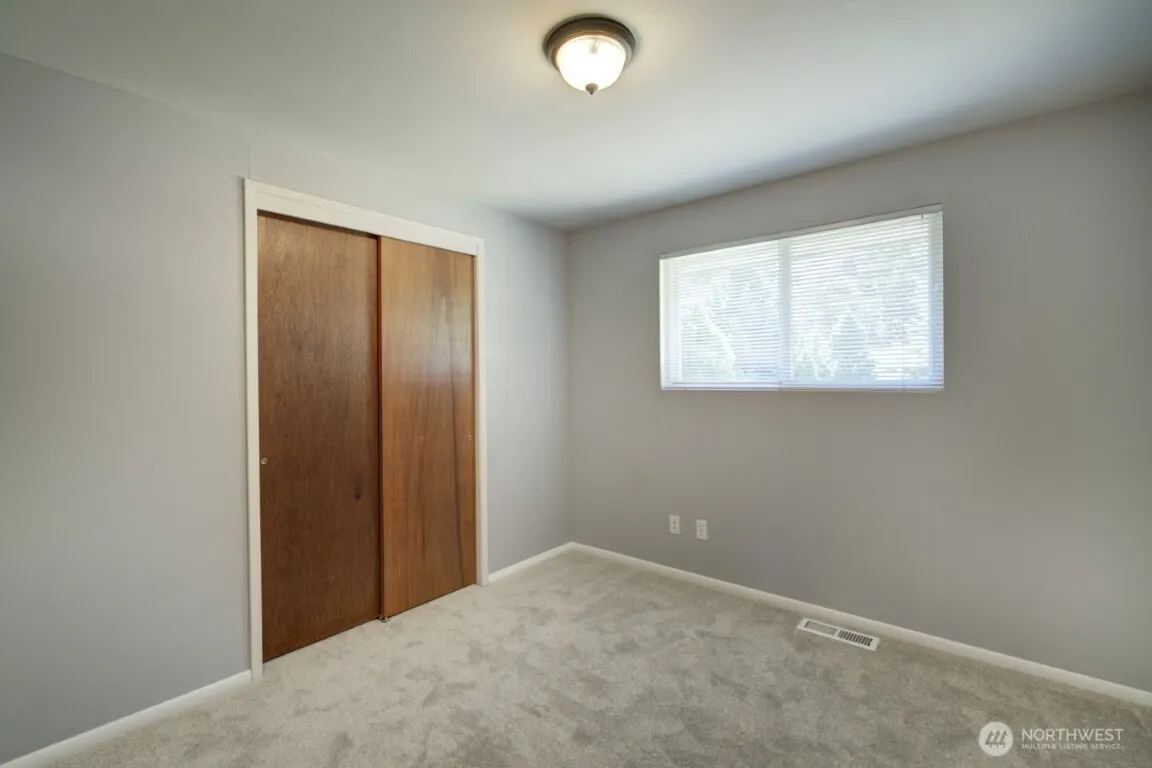 10550 NE 137th Place , Kirkland, WA 98034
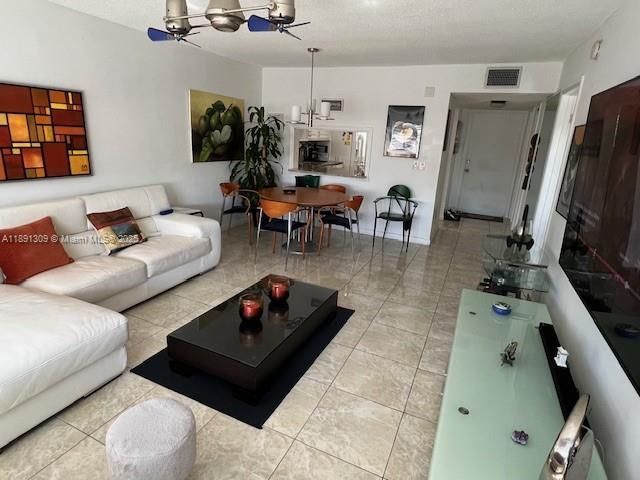 329 SE 3rd St, Unit 304S, Hallandale Beach, FL 33009 Photo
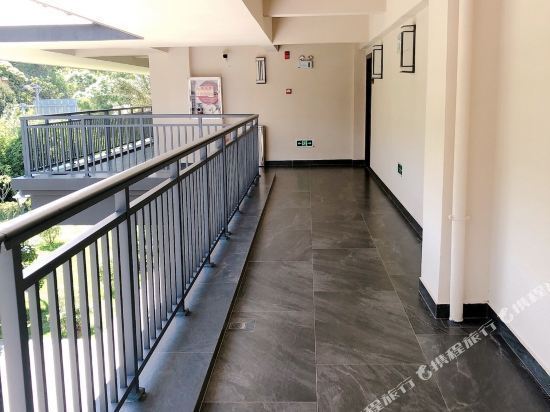 五指山水满乡住宿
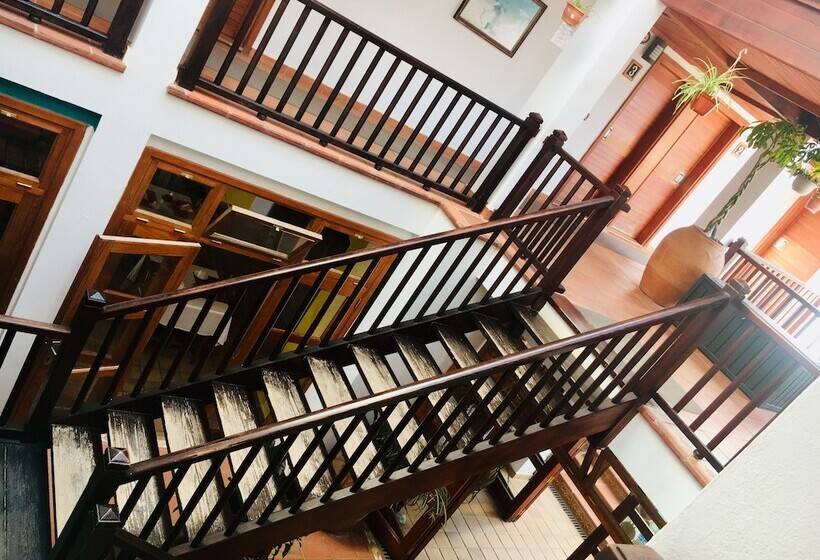 Отель La Casita Di Fuerte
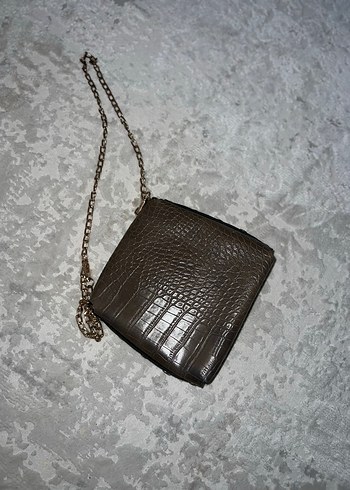 Kahverengi Deri Yılan Desenli Zincir Detaylı Çanta - Görsel 3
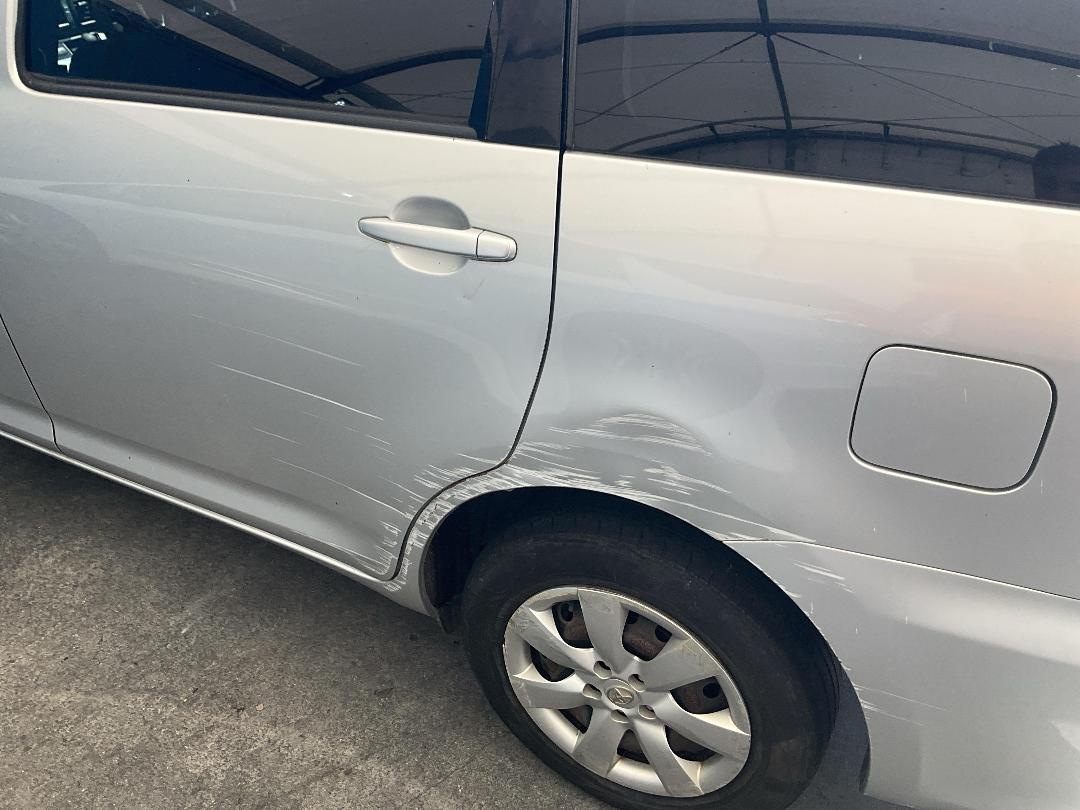 Photo '11' of Toyota Wish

......

» EXERCISE BRIEF
From the first line above to the last, copy the records exactly but omit the pictures.

» YOUR SOLUTION
 10550 NE 137th Place , Kirkland, WA 98034
 329 SE 3rd St, Unit 304S, Hallandale Beach, FL 33009 Photo
 五指山水满乡住宿
 Отель La Casita Di Fuerte
 Kahverengi Deri Yılan Desenli Zincir Detaylı Çanta - Görsel 3
 Photo '11' of Toyota Wish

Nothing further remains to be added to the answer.